On this day in 1845, Robert Browning met Elizabeth Barrett (books by this author) in person for the first time. Elizabeth was one of the most popular writers in England at the time, and Robert Browning wrote her a letter in praise of her work. Elizabeth, who was suffering from a "nervous disorder" and was confined to bed, wrote him back and thus began one of the most famous courtships-by-letter in all of history.

Elizabeth was six years older than Robert and in poor health, and she had trouble believing he really loved her. But his letters convinced her, and they continued their correspondence and eventually married. But their entire relationship was carried out in secret because Elizabeth's father had forbidden all of his children to marry. When he found out that Elizabeth had married Robert, he disinherited her.
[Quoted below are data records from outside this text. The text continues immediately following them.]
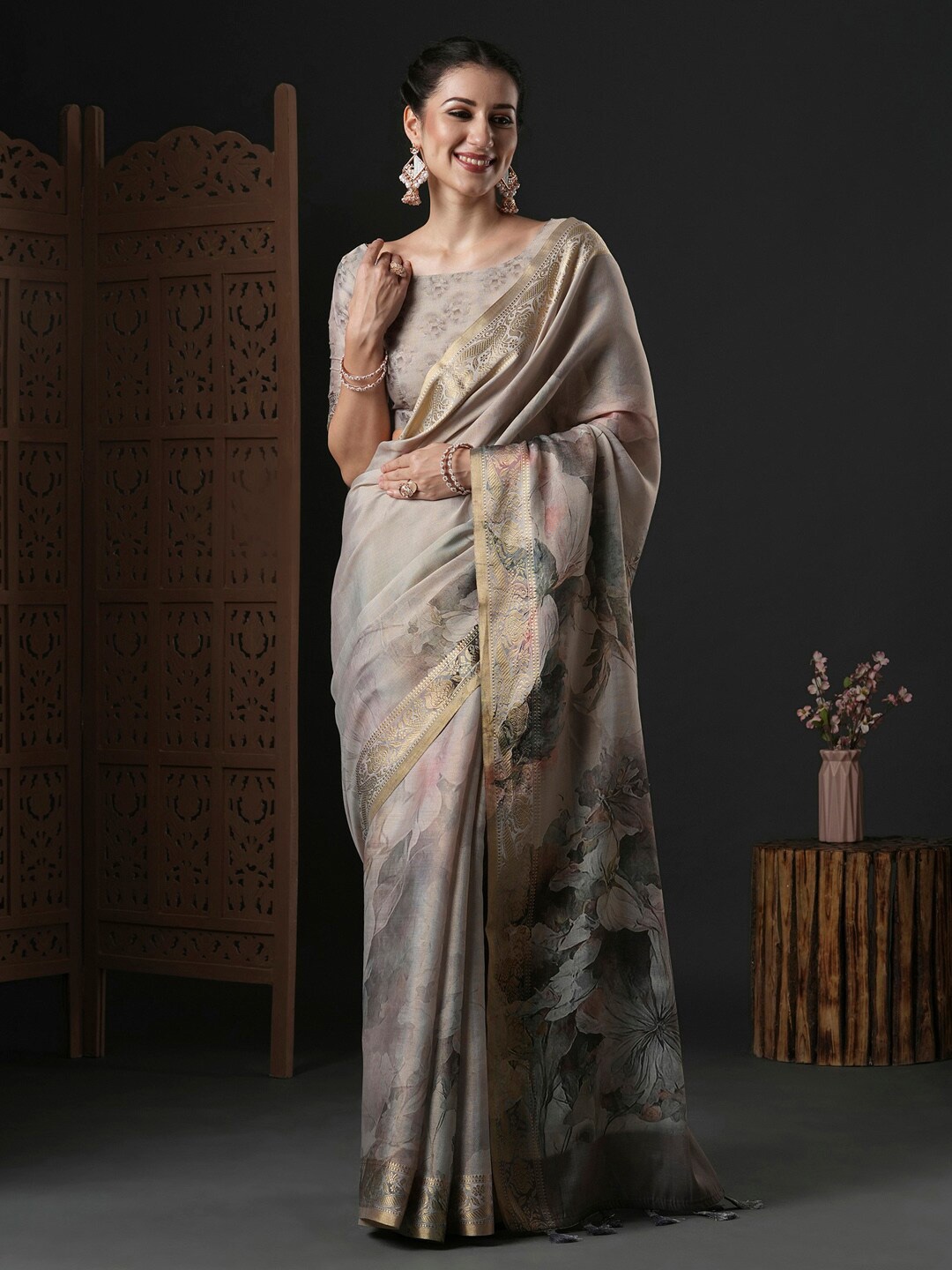 

Anouk Floral Printed Zari Sungudi Saree, Metallic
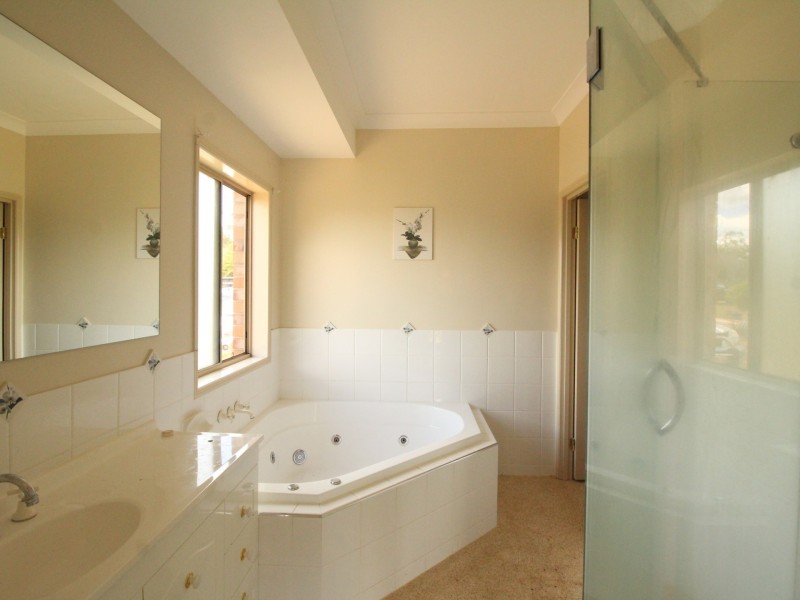 2684 Gatton Esk Road, Mount Hallen QLD 4312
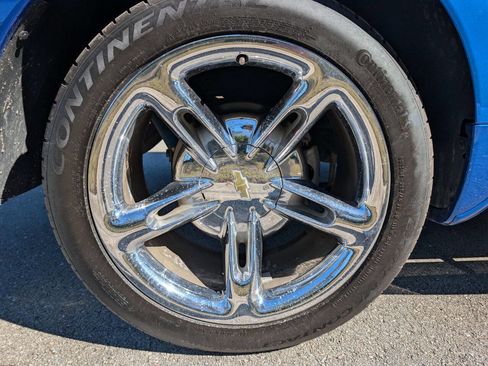 Used 2006 Chevrolet SSR w/ Preferred Equipment Group image 29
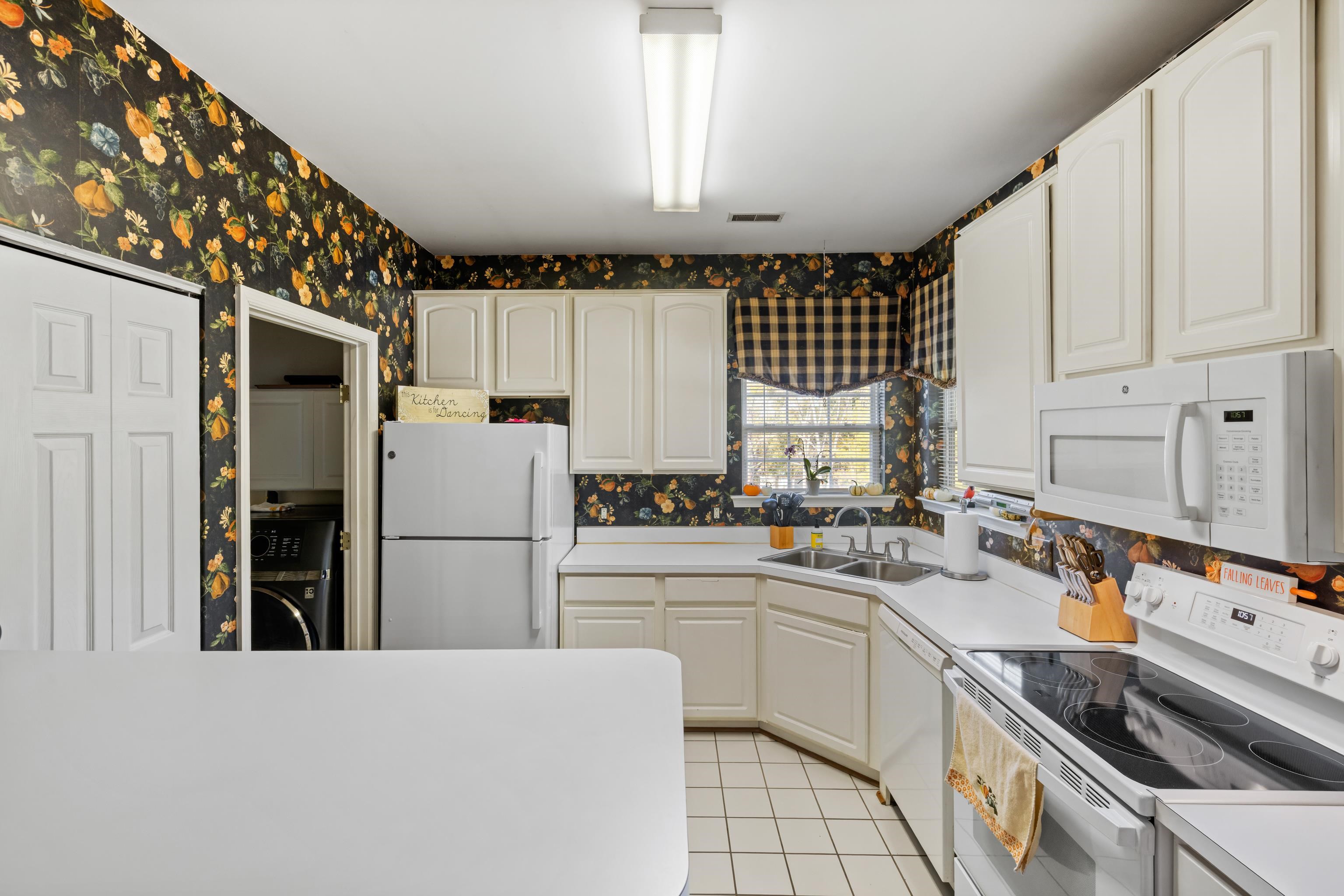 1245 WORDSWORTH CT, HARRISONBURG, Virginia 22802, 2 Bedrooms Bedrooms, ,2 BathroomsBathrooms,Residential,1245 WORDSWORTH CT,683534 MLS # 683534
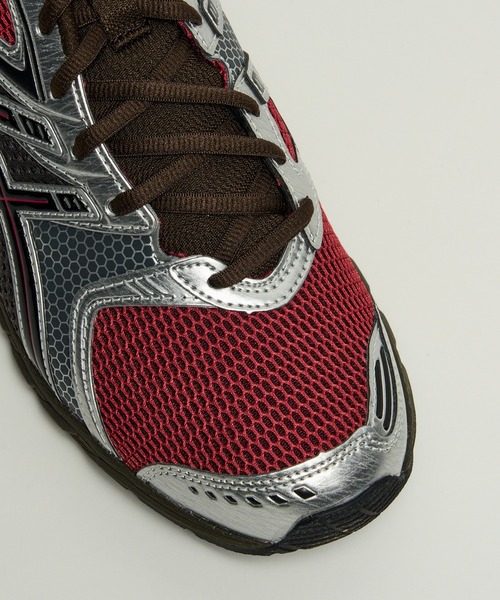 ASICS(アシックス)の「【ASICS】GEL-DS TRAINER 14(スニーカー・メンズ・バーガンディー/グレー・22.5cm/27.5/26.5/25.5/25/28cm/27cm/26cm/24.5cm/24cm/23.5cm/23cm)」の5枚目の写真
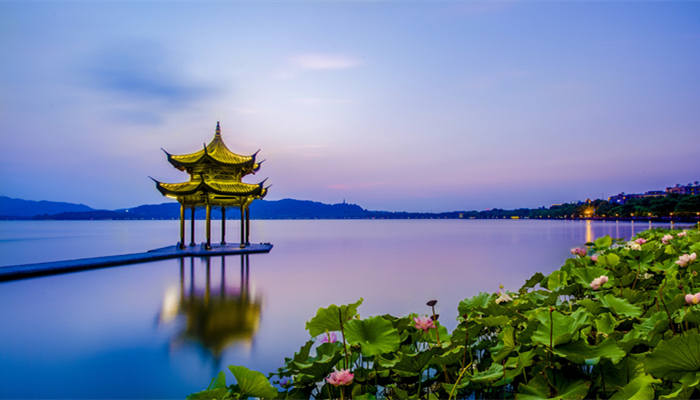 卷地風來忽吹散,望湖樓下水如天.黑雲翻墨未遮山,白雨跳珠亂入船.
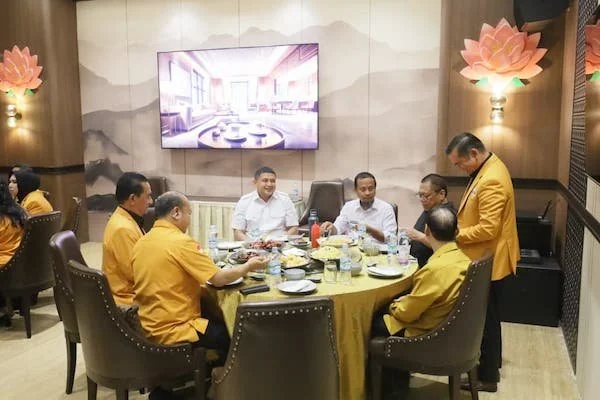 Wali Kota Makassar, Munafri Arifuddin, bersama Ketua Umum Partai Hati Nurani Rakyat (Hanura), Oesman Sapta Odang (OSO), (Dok: Ist).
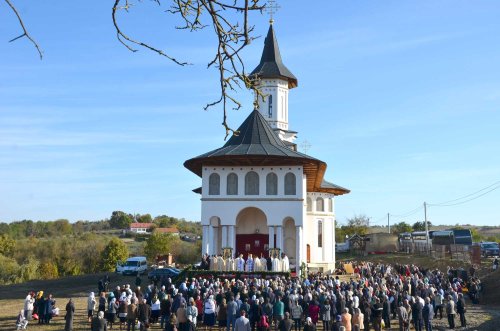 Sfânta Parascheva, ocrotitoarea Mănăstirii Dobrești din Timiș Poza 129282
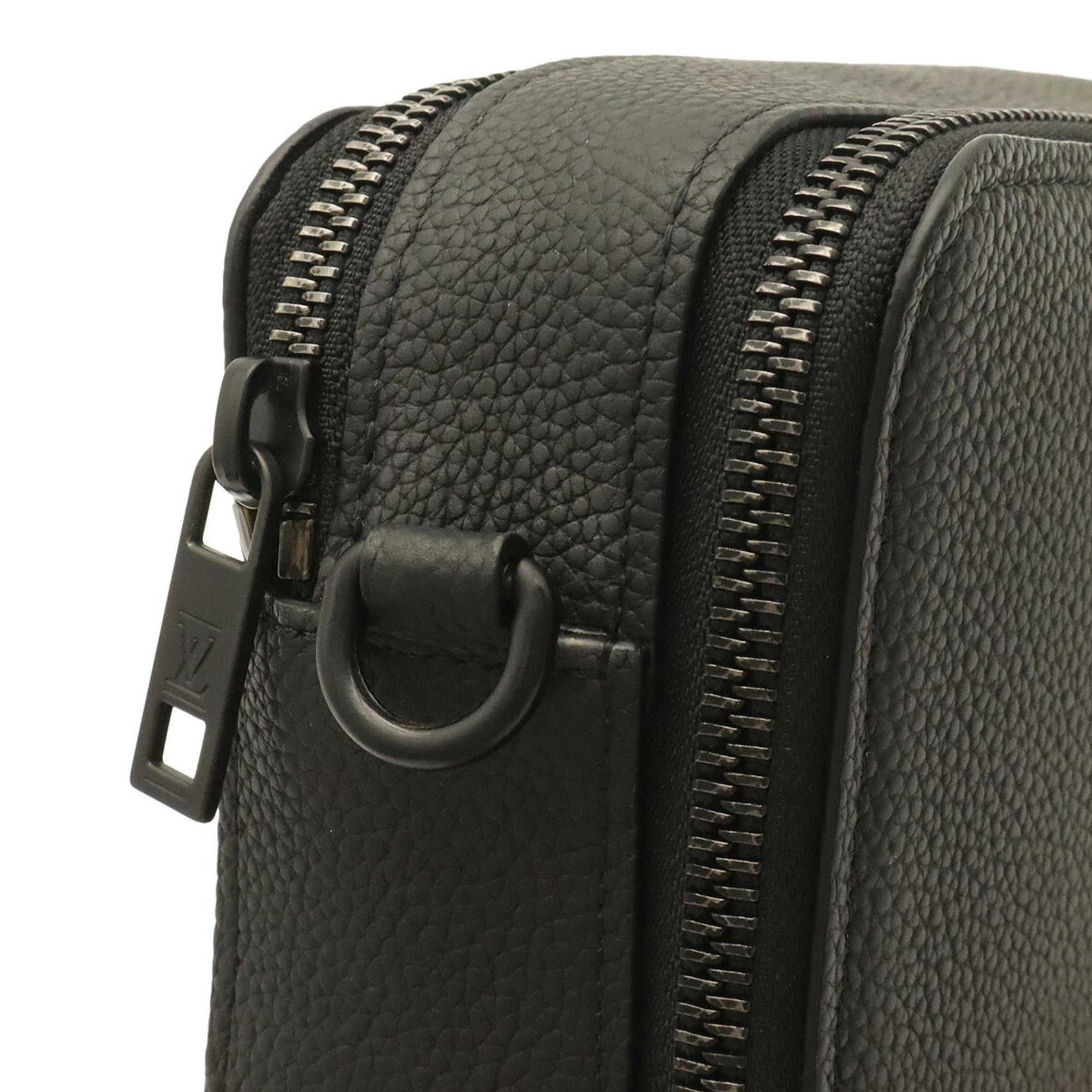 Louis Vuitton Black Noir Clutch Bag Shoulder Bag (Pre-Owned)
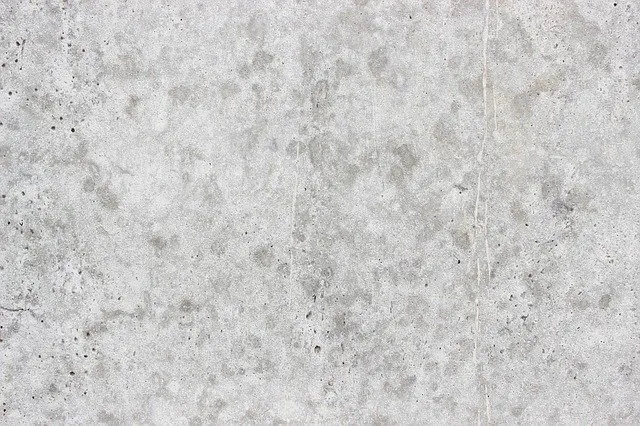 Beton architektoniczny w salonie - kiedy warto na niego postawić?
But Elizabeth had some money of her own and the couple settled in Italy, where Elizabeth bore one son, Pen, at the age of 43.

Elizabeth Barrett Browning's most famous work was written after she met Robert Browning and includes Sonnets from the Portuguese (1846), a collection of 44 love sonnets and Aurora Leigh (1856), an epic novel/poem. At first, she thought the poems were too personal to publish, but Robert proclaimed them the finest sonnets since Shakespeare's. "Portuguese" was Robert's nickname for Elizabeth.

She wrote, "I love you not only for what you are, but for what I am when I am with you."

From the archives:

Shakespeare's (books by this author) sonnets were first published on this day in 1609, most likely without Shakespeare's permission. The book contained 154 sonnets, all but two of which had never been published before. Shakespeare (or perhaps the publisher Thomas Thorpe) dedicated the collection to "Mr. W.H." whose identity has never been known. The poems are about love, sex, politics, youth, and the mysterious "Dark Lady," and they have given young lovers and the hopelessly romantic words for the ages:

Shall I compare thee to a Summer's day?
Thou art more lovely and more temperate:
Rough winds do shake the darling buds of May,
And Summer's lease hath all too short a date:
Sometime too hot the eye of heaven shines, a
And often is his gold complexion dimm'd;
And every fair from fair sometimes declines,
By chance, or nature's changing course
            untrimm'd:
But thy eternal Summer shall not fade,
Nor loose possession of that fair thou ow'st;
Nor shall Death brag thou wand'rest in his
            shade,
When in eternal lines to time though grow'st:
So long as men can breathe or eyes can see,
So long lives this and this gives life to thee.

On this day in 1927, at 7:52 a.m., Charles Lindbergh set off from Roosevelt Field in Long Island on the first solo nonstop flight across the Atlantic. He landed in Paris a little over 33 hours later. And five years later to the day, Amelia Earhart, nicknamed the "Lady Lindy" after Charles Lindbergh, departed from Newfoundland, Canada, on the first solo nonstop flight across the Atlantic by a woman. Fifteen hours and 18 minutes later she landed in Ireland.

It is the birthday of American movie actor James Stewart, born in Indiana, Pennsylvania (1908). He starred in Mr. Smith Goes to Washington (1939), It's a Wonderful Life (1946), and Rear Window (1954). He was nominated for five Academy Awards, winning once, for The Philadelphia Story (1940).

It is the birthday of French writer Honoré de Balzac (books by this author), born in Tours, France (1799). Balzac maintained a superhuman writing schedule, and the slavish hours he kept are a main subject of his correspondence. In an 1833 letter, he wrote: "I go to bed at 6 or 7 in the evening, like the fowls. At 1 in the morning, I am awakened, and I will work until 8. At 8 o'clock I sleep again, for an hour and a half. Then I take some slight refreshment and a cup of pure coffee: and then I put myself once more in harness."